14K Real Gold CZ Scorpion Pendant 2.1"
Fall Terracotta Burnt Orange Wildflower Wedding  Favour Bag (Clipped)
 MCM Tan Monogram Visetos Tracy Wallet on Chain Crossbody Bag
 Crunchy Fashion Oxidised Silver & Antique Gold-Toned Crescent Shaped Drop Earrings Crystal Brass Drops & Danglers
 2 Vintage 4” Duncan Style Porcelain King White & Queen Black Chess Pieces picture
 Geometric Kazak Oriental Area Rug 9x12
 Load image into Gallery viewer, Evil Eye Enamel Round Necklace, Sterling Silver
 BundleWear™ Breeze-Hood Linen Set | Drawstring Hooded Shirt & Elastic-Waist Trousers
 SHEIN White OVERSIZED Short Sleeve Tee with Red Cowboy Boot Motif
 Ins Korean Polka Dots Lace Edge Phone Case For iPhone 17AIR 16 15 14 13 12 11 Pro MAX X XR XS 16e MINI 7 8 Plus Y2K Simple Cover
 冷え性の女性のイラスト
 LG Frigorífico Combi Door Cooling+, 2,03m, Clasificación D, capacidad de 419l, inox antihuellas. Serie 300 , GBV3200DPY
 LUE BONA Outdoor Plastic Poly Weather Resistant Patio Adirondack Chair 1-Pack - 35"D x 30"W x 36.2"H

___

• **Task prompt**: Word for word, quote the lines from the line containing "Ins Korean Polka" through the end of the material, both included, and nothing else.

• **Answer area**:
 Ins Korean Polka Dots Lace Edge Phone Case For iPhone 17AIR 16 15 14 13 12 11 Pro MAX X XR XS 16e MINI 7 8 Plus Y2K Simple Cover
 冷え性の女性のイラスト
 LG Frigorífico Combi Door Cooling+, 2,03m, Clasificación D, capacidad de 419l, inox antihuellas. Serie 300 , GBV3200DPY
 LUE BONA Outdoor Plastic Poly Weather Resistant Patio Adirondack Chair 1-Pack - 35"D x 30"W x 36.2"H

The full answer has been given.